- _Required work_:
Write out only the lines from the line that holds "Stiffel and Other" to the end of the listing below, inclusive, with the pictures omitted.

--- Dataset entries ---

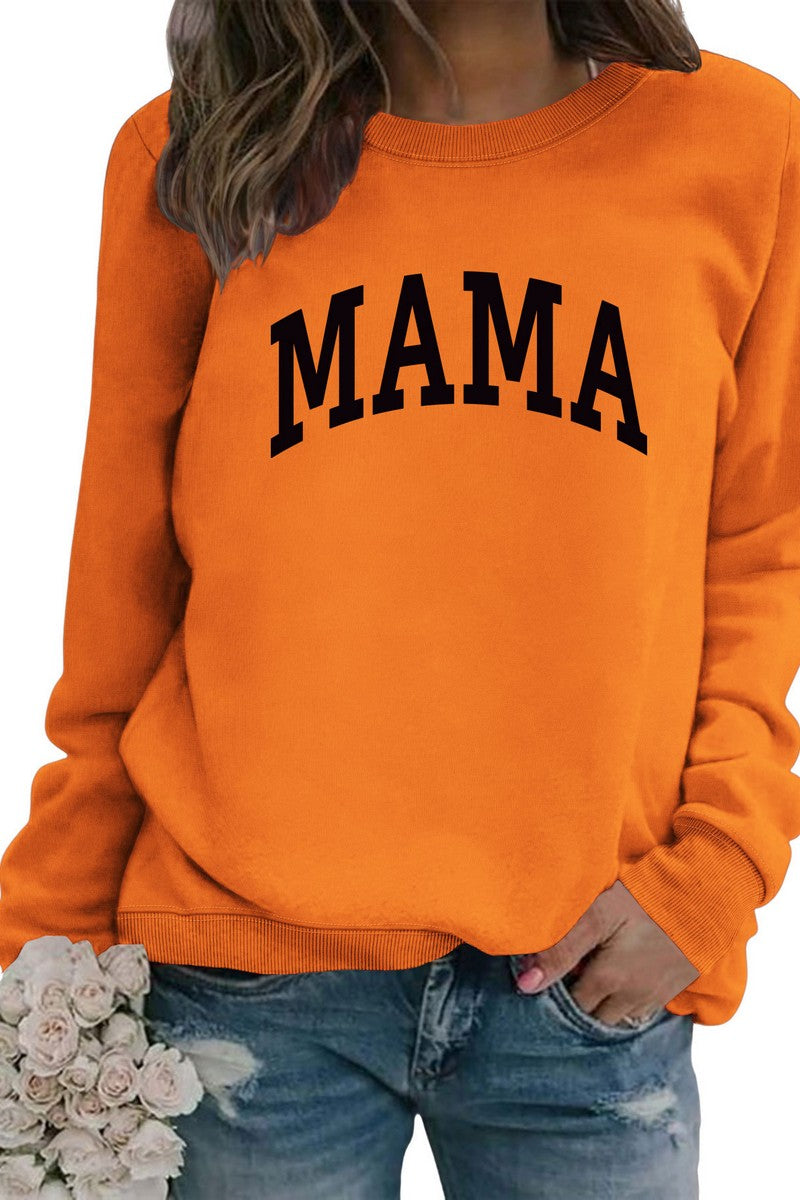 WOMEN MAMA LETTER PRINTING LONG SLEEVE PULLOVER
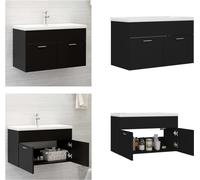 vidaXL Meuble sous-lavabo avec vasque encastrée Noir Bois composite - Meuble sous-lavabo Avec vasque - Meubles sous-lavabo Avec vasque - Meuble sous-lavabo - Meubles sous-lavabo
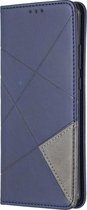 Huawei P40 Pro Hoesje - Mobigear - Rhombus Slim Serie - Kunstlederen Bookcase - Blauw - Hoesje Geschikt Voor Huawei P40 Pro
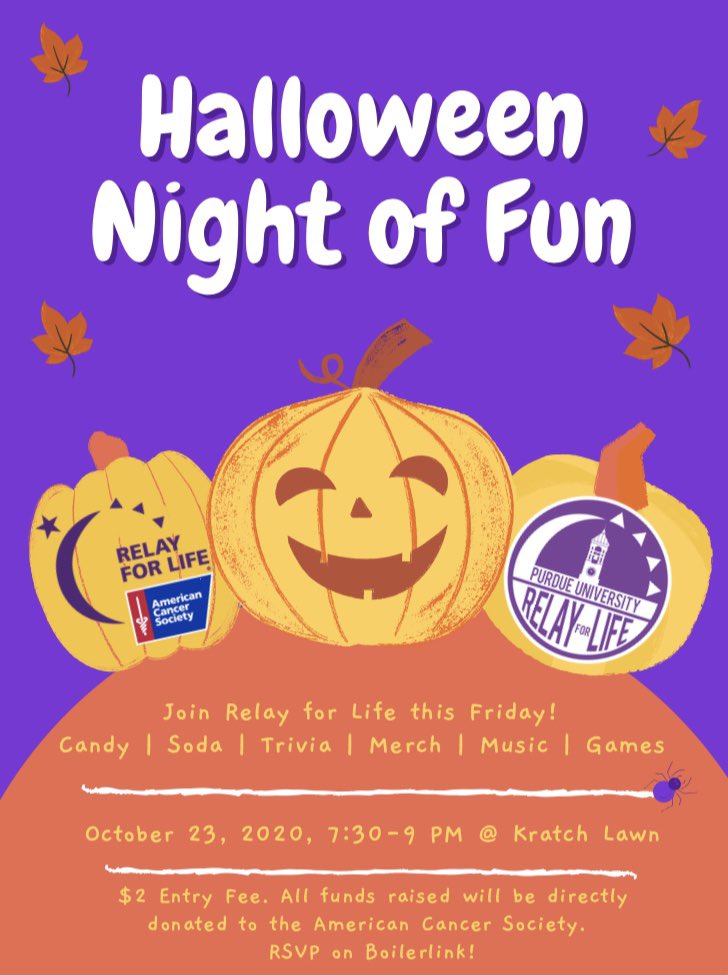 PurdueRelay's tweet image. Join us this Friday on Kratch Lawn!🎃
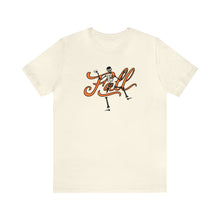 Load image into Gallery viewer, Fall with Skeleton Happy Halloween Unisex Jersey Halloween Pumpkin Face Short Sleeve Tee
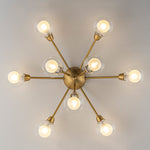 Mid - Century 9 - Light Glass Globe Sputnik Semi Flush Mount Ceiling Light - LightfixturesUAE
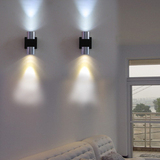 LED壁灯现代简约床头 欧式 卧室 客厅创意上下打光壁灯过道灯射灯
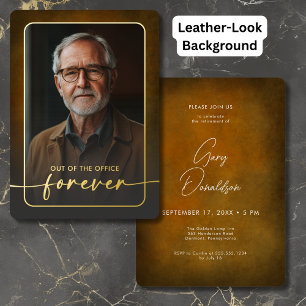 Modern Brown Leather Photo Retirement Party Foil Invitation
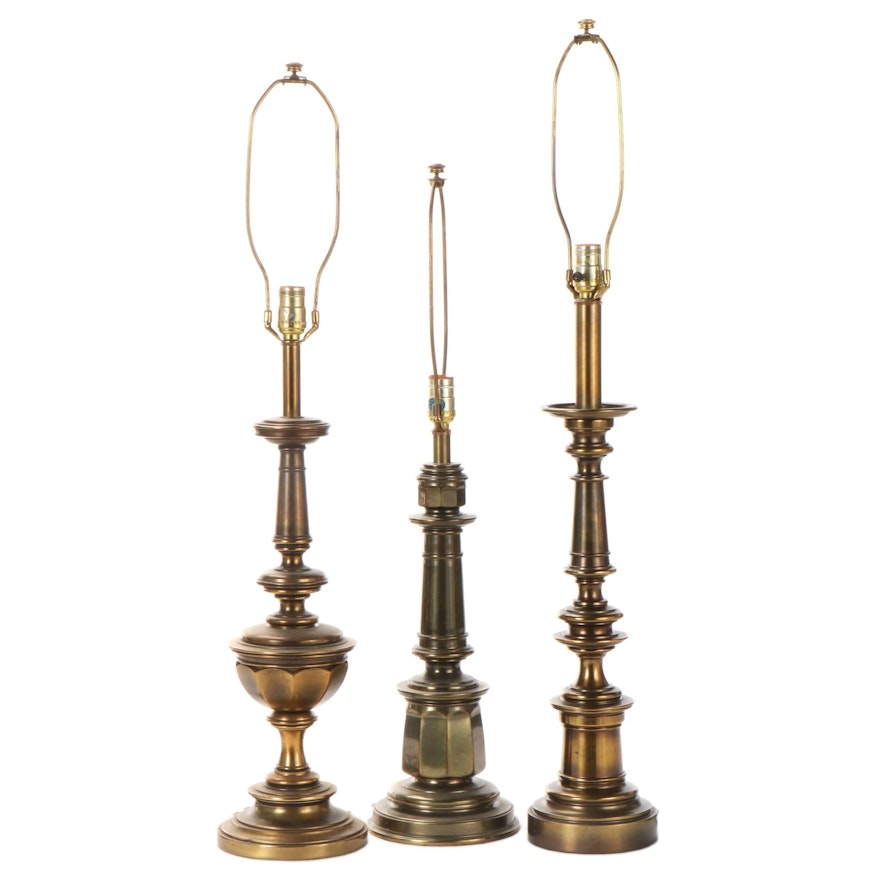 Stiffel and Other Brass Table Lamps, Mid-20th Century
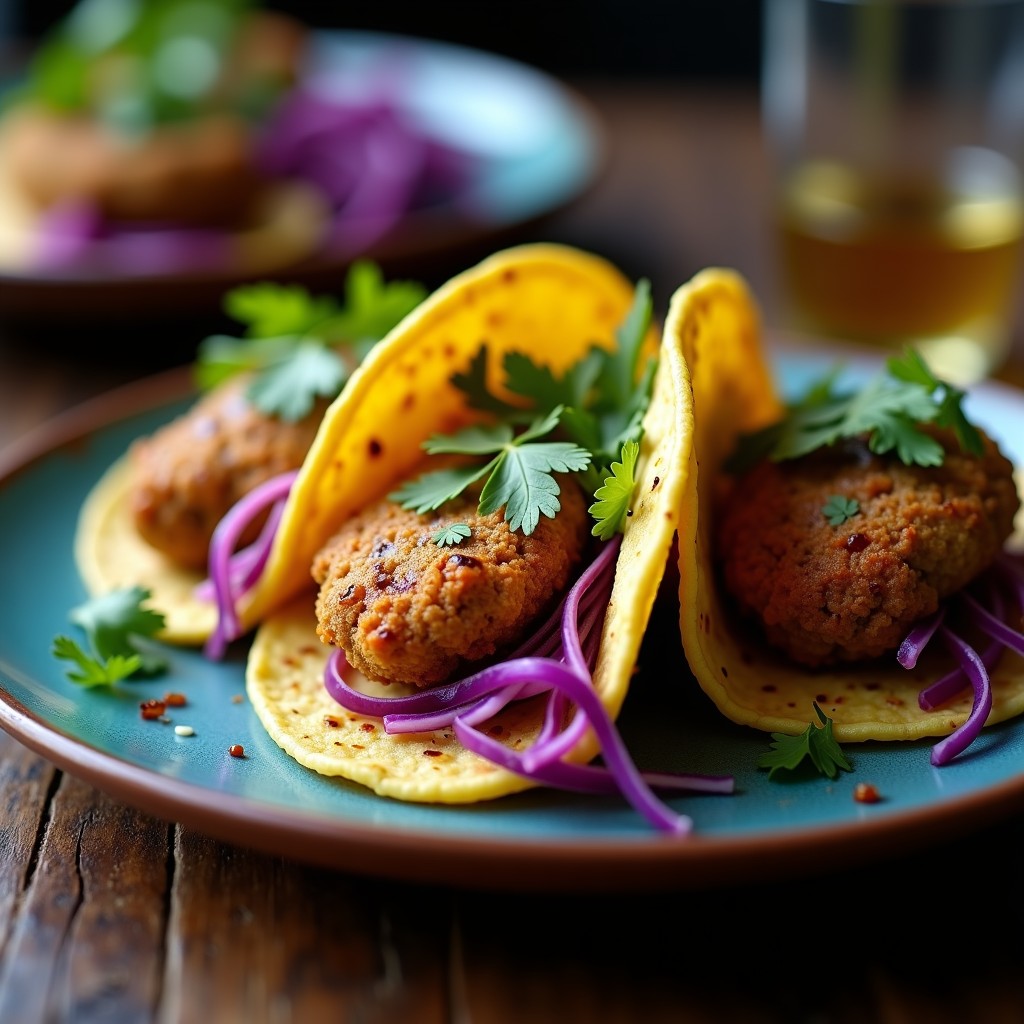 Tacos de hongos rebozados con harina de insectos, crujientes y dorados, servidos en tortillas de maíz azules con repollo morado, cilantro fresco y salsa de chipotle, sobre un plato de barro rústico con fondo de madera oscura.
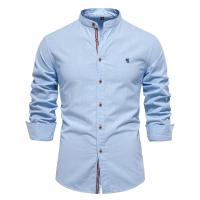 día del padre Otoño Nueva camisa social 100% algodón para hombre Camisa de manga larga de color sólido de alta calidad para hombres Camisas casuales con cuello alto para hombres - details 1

---

- _Written answer_:
 Stiffel and Other Brass Table Lamps, Mid-20th Century
 Tacos de hongos rebozados con harina de insectos, crujientes y dorados, servidos en tortillas de maíz azules con repollo morado, cilantro fresco y salsa de chipotle, sobre un plato de barro rústico con fondo de madera oscura.
 día del padre Otoño Nueva camisa social 100% algodón para hombre Camisa de manga larga de color sólido de alta calidad para hombres Camisas casuales con cuello alto para hombres - details 1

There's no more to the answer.